Ellas que están ahí
Hace muchos años, un verano, sobre las diez de la noche, se subió un hombre a un autobús urbano. Su presencia ocasionó molestias al pasaje desde el primer momento. Apenas podía mantener el equilibrio. Iba muy bebido y daba tumbos por el pasillo. Vociferaba sin parar y chocaba a derecha e izquierda. Al principio, las reacciones fueron caras de sorpresa o censura, pronto, comentarios en voz alta que se mantuvieron durante todo el trayecto. No creo que se enterara, porque daba la impresión de prestar su voz a la discusión de unos cuantos personajes interiores. Vino a parar al lado de la puerta, junto a nuestro grupo, y al repertorio de incomodidades hubo que añadir un olor nauseabundo. Diez minutos más tarde, nos bajamos en la misma parada y le vimos entrar en un club de alterne.

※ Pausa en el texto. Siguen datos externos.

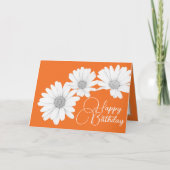 Modern White Daisies Botanical Colorful Birthday カード (正面)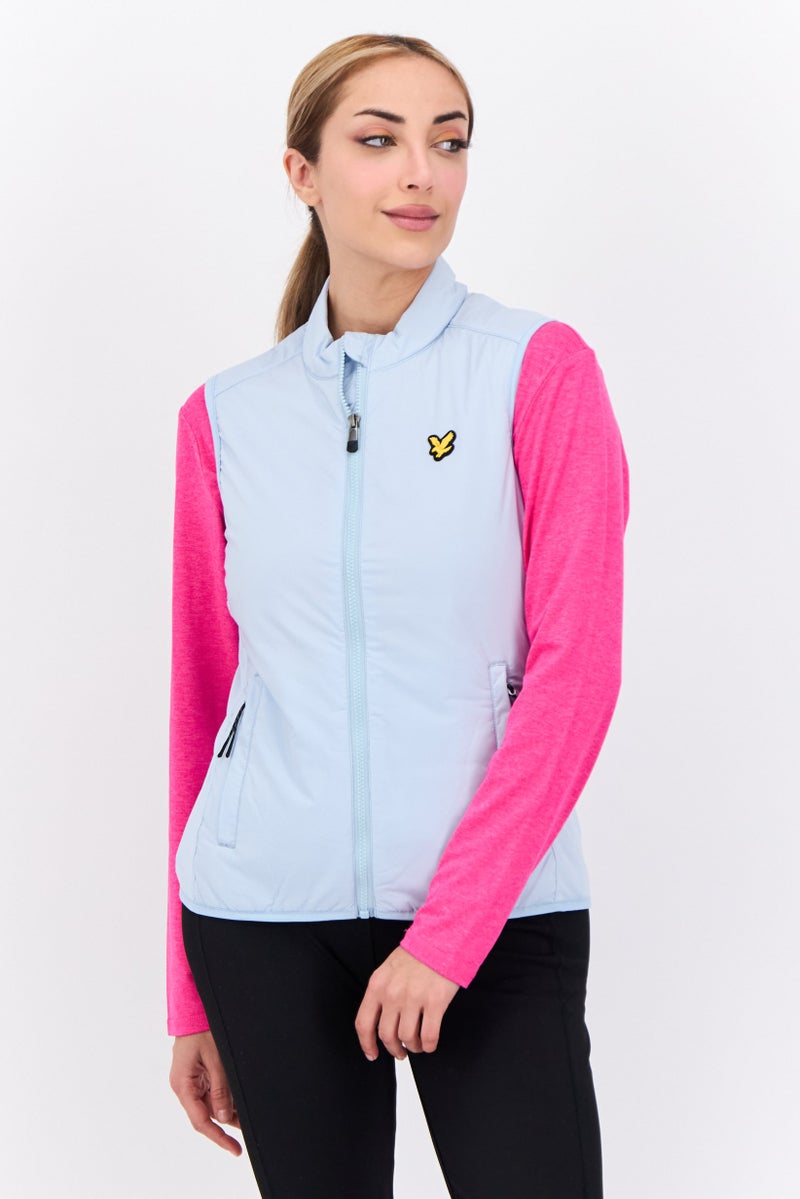 Lyle & Scott Women Mock Neck Brand Logo Vest Jackets, Light Blue - Image 1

Desde entonces, cada vez que surge el tema de la prostitución pienso en la mujer que esa noche tuvo que atender a ese hombre. La pregunta es asquerosa, pero: ¿qué precio pondrían ustedes a ese encuentro? Me dirán que la mayor parte de los prostituidores va en mejores condiciones, que muchos son jóvenes, padres de familia, gente tranquila que convive sin sobresaltos. ¿Y? ¿En qué situación accederían a realizar esta actividad?

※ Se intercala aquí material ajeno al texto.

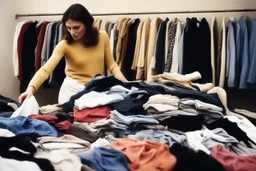 fotografía real, realizada con una cámara Canon y un objetivo de 35 mm, de una mujer europea seleccionando ropa entre un montón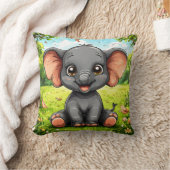 Coussin Éléphant de dessin animé adorable (Couverture)
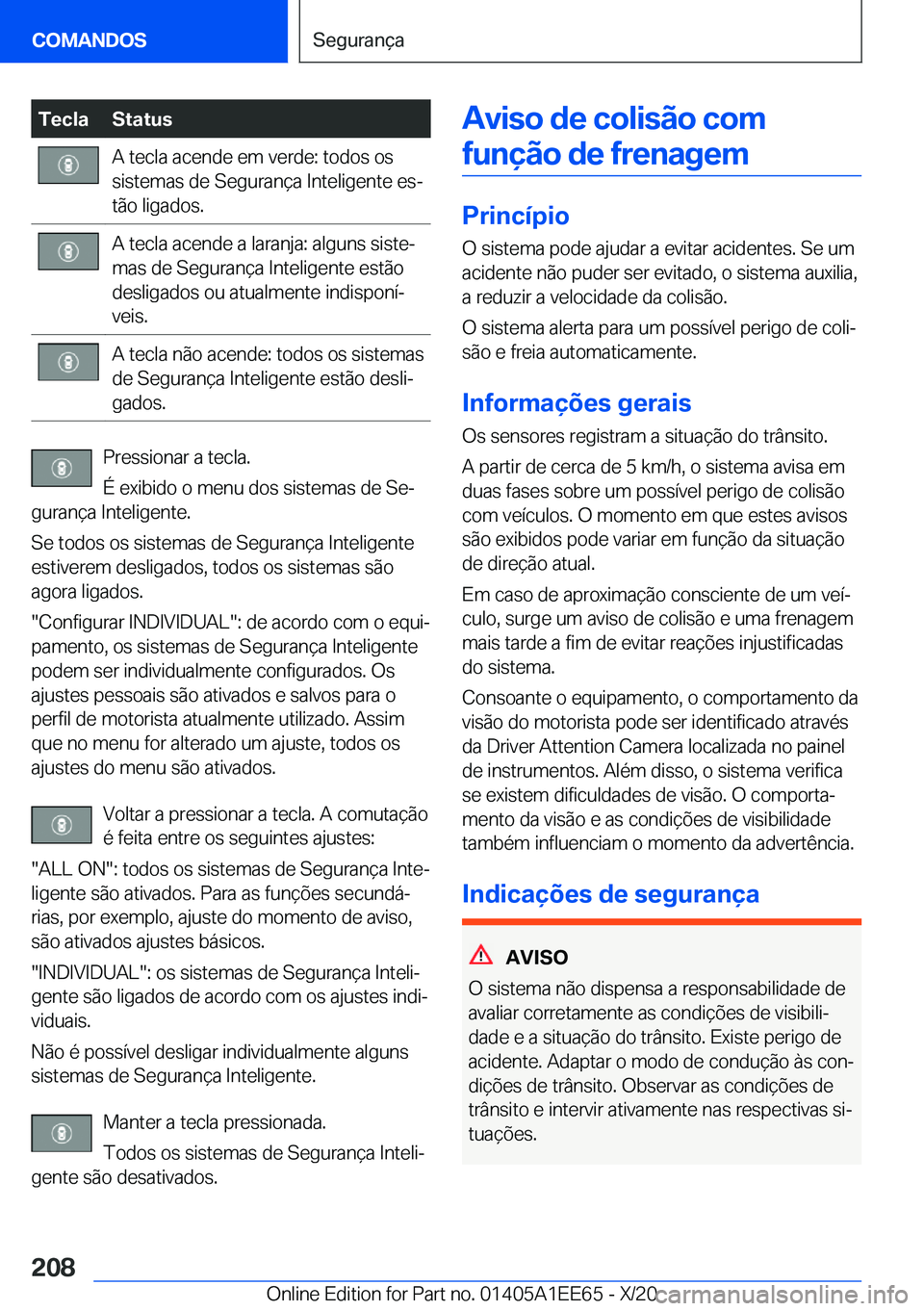 BMW 8 SERIES CONVERTIBLE 2021  Manual do condutor (in Portuguese) �T�e�c�l�a�S�t�a�t�u�s�A��t�e�c�l�a��a�c�e�n�d�e��e�m��v�e�r�d�e�:��t�o�d�o�s��o�s
�s�i�s�t�e�m�a�s��d�e��S�e�g�u�r�a�n�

A las 700 u 800 mujeres que se prostituyen en nuestra Comunidad les ampara la Declaración de Derechos Humanos y la Constitución, como a usted y a mí. Forman parte del rostro de la feminización de la pobreza y la supervivencia. De ellas suelen depender económicamente otras personas. Certera, Dolores Juliano apunta que uno de los caminos para llegar a ser mala mujer es precisamente ser buena madre. En el debate que genera la prostitución, no me atrevería a decir que la libertad sea el factor principal. Como en tantas otras cuestiones.